Healing Broken Connections: Traditional Knowledge and Regional Integration Kluane National Park and Reserve
Mike Walton, Paula Banks and Robin Bradasch
Healing Broken Connections” is a $1.3 million investment over four years by Parks Canada toward reconnecting Kluane First Nation and Champagne and Aishihik First Nations Peoples to their traditional territory within the National Park and to understand how Traditional Knowledge can be accommodated in landscape scale decision making. The project will develop protocols for decision making, identify indicators of Traditional Knowledge and measure the use of Traditional Knowledge in decision making.

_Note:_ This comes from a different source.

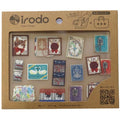 Fabric Sticker Set Stamps / irodo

In 1943 the lands set aside by the Federal Government to create the Kluane Game Sanctuary imposed a total ban on all hunting and trapping. The land and species on which the Tutchone Peoples had traveled, harvested from and lived with for thousands of years, were no longer accessible to them.

“The traditional knowledge that arises out of the Southern Tutchone relationship to the land contributes to the maintenance of ecological integrity and contributes to the modern day management of the park. Unfortunately, the exclusion of aboriginal people from the park from the mid 20th century has had negative consequences not only on the park’s ecological health, but also on First Nation’s culture. As a result of not being able to use the park, traditional knowledge of the park lands and resources and their people’s history in this area could not be passed on through community members” (KNP&R Park Management Plan, 2004).

The project addresses four principle issues that contribute to the park’s ecological integrity and recognizes that a sustainable landscape supports the ecological integrity of Kluane National Park and Reserve:
· Southern Tutchone Peoples have been removed from the ecosystem thereby compromising the park’s ecological integrity.
· Respectfully understanding knowledge systems that influence decision makers while meeting legal obligations found in Land Claim Agreements.
· Landuses that are increasing in size and intensity on a landbase that is finite in size.
· How Traditional Knowledge (TK) can be respectfully used to maintain and improve the ecological integrity of the park.

The immediate challenges include: differing knowledge systems, conflicting institutional priorities, Parks Canada’s insistence on measuring and recording information in ways that are not seen as important to First Nations. The immediate benefits have been: greater understanding of the world of difference between Aboriginal and non-Aboriginal cultures, sharing knowledge and building trust relationships. This session will tell the story of the First Nations Peoples and their removal from the park, their progress in Land Claims and Self Government agreements and how Parks Canada developed with the First Nations, the project to Heal Broken Connections.